NAME
Store::Directories - Manage a key/value store of directories with controls for concurrent access and locking.
SYNOPSIS
use Store::Directories;
# Create a new store at given directory
# (or adopt one that is already there)
my $store = Store::Directories->init("path/to/store/")
# (In this example, we create a new directory containing a text file
# and then atomically increment the value written in the file)
my $value = 1;
# Get a directory with the key 'foo' in the store,
# creating it if it doesn't exist yet
my $lock;
my $dir = $store->get_or_add('foo' {
# as an option, we can provide a subroutine to use to
# initialize the directory contents if we create it
# (but if the directory already exists, this won't be called)
init => sub {
my $dir = shift;
open(my $fh, '>', "$dir/hello.txt") or die "could not open file: $!";
print $fh $value;
close $fh;
}
});
{
# Get an exclusive lock on the directory before reading/writing to it.
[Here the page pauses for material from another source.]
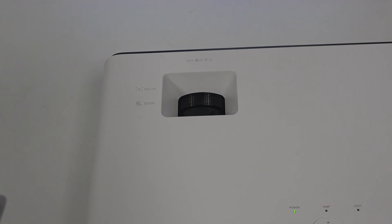Hello! In this video I want to show you how to adjust zoom on a BenQ projector.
# This ensure no other process is reading or modifying the directory
# contents while we're working.
my $lock = $store->lock_ex('foo');
open(my $fh, '<', "$dir/hello.txt") or die "could not open file: $!";
$value = <$fh>;
open($fh, '>', "$dir/hello.txt") or die "could not re-open file: $!";
print $fh $value + 1;
close $fh;
# The lock is released once $lock is out-of-scope
}
DESCRIPTION
Store::Directories manages a key/value store of directories and allows processes to assert shared (read-only) or exclusive (writable) locks on those directories.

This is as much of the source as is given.